For Teske, it was his fifth miss from inside five feet on a day he shot 4 for 14 overall and air-balled two threes in the second half (going 1 for 6 from behind the arc in taking too many head-scratching threes).
For Wagner, an 87.0% free-throw shooter, it was the culmination of a day in which he went 1 for 6 from threes (and is now 2 for 14 in his last two games) and 3 for 6 at the line.
For Simpson, 3 for 6 at the line today, it's now a stretch in which he's made 7 of 16 at the charity stripe dating back to the start of the New Year.
Simply put, this team doesn't have anyone making key plays for the Maize and Blue in the critical moments, from the seniors on down, and a fourth straight loss, a 2-6 conference record, and a likely season lost are the result.
From bad to worse: Even with Livers returning to the lineup, Michigan needed consistent production from the trio of Wagner, junior Eli Brooks and sophomore David DeJulius. Those three had combined for 20 points on 5 of 24 from the floor, 20.8 percent, (2 of 14 on threes) in U-M's midweek home loss to Purdue.
On Saturday, they were just as ineffective, scoring 23 points on 9 of 22 (40.9 percent), including 2 of 9 from threes.
Wagner has been especially poor, just 5 of 20 from the floor the past two games. His paltry 14.3 percent shooting from behind the arc has largely included wide-open looks. The rookie appeared to adjust throughout the game, trying to get to the hoop more often - he was 3 for 5 on layups and didn't take a three in the second half - but then the O-fer at the line made for a forgettable game for the freshman.

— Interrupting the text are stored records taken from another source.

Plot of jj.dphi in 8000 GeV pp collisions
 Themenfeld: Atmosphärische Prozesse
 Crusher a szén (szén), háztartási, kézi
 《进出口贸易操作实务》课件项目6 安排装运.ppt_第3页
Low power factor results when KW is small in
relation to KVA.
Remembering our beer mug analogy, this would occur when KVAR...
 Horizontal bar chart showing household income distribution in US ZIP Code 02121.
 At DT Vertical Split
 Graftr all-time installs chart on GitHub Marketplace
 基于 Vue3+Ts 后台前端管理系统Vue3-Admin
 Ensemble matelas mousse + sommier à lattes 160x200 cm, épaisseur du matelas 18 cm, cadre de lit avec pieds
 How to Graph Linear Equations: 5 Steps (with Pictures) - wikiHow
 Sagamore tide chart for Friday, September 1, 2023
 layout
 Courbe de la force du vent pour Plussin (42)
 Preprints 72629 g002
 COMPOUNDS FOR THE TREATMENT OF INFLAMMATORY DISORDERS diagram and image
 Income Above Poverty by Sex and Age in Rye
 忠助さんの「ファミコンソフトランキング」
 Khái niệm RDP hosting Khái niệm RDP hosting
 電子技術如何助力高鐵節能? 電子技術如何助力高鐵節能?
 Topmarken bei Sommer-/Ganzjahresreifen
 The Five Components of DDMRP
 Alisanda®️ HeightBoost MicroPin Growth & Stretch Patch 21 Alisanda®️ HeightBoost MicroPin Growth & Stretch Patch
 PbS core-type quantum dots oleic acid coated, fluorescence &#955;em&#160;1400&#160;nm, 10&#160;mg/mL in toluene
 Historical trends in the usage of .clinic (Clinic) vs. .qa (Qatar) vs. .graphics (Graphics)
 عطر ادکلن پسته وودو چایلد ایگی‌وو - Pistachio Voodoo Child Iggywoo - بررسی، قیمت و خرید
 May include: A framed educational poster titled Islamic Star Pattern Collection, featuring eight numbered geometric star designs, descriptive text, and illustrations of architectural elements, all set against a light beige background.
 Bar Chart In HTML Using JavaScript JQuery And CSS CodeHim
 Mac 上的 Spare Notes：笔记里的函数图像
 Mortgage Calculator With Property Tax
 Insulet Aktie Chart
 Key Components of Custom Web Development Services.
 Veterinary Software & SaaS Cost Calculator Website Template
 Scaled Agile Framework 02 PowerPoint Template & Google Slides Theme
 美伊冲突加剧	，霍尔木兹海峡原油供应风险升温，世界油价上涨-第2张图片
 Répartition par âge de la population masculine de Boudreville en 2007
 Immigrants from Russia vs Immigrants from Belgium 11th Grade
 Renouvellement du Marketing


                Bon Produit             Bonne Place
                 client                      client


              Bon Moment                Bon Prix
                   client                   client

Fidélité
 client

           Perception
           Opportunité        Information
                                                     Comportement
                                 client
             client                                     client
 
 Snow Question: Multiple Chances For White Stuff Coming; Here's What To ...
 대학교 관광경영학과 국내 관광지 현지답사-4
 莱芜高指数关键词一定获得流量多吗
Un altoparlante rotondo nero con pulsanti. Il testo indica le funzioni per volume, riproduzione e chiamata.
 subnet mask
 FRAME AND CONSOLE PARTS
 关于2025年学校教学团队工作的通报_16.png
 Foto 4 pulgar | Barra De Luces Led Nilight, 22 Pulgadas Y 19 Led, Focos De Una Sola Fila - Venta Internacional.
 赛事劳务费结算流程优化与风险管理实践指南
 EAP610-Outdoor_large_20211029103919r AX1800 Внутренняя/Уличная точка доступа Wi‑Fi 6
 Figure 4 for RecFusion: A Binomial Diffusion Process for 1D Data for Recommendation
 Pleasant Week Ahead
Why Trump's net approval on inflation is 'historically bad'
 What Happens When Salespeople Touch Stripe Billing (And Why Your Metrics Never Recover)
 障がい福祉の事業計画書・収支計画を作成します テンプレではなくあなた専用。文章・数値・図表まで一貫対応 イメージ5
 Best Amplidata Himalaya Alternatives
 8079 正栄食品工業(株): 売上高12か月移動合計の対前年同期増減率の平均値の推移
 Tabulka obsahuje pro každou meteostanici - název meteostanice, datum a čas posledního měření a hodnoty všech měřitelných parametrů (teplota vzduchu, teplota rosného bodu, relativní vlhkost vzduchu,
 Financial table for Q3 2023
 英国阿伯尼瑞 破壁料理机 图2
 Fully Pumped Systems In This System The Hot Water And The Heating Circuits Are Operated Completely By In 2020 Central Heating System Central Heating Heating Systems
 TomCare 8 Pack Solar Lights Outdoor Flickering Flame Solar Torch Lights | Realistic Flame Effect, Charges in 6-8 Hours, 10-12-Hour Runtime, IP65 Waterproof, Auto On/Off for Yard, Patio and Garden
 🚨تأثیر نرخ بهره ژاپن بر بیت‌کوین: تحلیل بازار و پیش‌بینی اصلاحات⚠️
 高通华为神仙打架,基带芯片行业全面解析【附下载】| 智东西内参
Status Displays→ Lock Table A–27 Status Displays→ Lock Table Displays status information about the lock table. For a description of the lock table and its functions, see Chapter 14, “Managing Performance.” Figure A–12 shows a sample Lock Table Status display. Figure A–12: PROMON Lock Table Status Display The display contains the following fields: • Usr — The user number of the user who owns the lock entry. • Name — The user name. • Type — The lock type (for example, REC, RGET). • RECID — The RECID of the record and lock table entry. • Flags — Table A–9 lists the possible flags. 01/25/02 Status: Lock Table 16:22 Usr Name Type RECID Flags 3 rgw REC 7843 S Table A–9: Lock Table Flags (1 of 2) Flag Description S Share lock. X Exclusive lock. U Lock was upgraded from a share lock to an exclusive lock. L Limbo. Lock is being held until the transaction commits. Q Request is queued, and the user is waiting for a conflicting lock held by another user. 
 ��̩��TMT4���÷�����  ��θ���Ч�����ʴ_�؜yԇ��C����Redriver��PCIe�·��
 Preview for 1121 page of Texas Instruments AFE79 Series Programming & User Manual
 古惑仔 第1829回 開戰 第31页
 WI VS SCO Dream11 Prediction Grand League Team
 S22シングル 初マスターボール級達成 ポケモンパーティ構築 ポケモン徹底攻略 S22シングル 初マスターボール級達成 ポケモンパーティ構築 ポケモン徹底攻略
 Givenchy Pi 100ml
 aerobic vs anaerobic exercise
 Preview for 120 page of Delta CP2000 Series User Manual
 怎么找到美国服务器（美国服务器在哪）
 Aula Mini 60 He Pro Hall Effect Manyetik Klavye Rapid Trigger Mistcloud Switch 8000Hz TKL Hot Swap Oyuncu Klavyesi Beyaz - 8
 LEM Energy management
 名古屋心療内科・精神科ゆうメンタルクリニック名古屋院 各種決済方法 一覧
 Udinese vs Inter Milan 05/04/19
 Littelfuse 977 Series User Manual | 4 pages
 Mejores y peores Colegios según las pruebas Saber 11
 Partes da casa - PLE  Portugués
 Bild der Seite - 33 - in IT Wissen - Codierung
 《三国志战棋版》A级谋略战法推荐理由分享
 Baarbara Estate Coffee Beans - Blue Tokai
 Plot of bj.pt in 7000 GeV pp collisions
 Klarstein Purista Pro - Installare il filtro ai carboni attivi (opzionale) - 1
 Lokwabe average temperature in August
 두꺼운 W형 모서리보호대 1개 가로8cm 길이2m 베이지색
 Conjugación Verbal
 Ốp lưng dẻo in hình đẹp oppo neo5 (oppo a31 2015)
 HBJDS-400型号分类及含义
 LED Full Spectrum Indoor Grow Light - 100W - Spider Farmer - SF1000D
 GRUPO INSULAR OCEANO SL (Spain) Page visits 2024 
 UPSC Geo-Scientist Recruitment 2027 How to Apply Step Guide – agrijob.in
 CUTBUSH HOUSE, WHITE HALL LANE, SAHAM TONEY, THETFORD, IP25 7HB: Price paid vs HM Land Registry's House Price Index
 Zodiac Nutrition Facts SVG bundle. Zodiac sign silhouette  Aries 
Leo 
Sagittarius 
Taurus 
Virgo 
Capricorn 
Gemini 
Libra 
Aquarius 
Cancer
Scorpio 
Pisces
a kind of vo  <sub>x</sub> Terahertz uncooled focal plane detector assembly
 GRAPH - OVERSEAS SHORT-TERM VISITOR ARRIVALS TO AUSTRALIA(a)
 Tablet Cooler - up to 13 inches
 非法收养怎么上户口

Overall, the Wolverines finished 4 of 17 from threes (23.5 percent), somehow proving even worse from three than they had been in league action coming into the contest (27.7 percent in their first seven conference games) as their shooting woes go from bad to worse.
Adding even further insult, Livers re-aggravated his groin injury and is likely lost for the season.
Big Dance No More: With the loss, Michigan will likely tumble into the 40s of the NCAA Net Rankings, putting their NCAA Tournament hopes very much in doubt. Yes, there is a lot of season left, but if Livers is done for the year, the Maize and Blue's chances for the postseason diminish greatly.
With the exception of the Northwestern game in Evanston Feb. 12 and Nebraska at home March 5, there are no 'gimme' games remaining on the schedule. It's quite possible, Michigan could drop its next two, in Lincoln on Tuesday and at Madison Square Garden against Rutgers Feb. 1.
U-M's four-game losing streak, in other words, could spiral even further, and it's quite possible Michigan wakes up in mid-February needing a Big Ten Tournament miracle run to qualify for NCAAs.
Considering the excitement for the season when the Wolverines won the Battle 4 Atlantis championship Thanksgiving weekend, including a win over No. 1 Gonzaga, missing out on the tournament - even taking into consideration the hole created with the Livers' injury - would be a huge shock and significant disappointment in Juwan Howard's first year.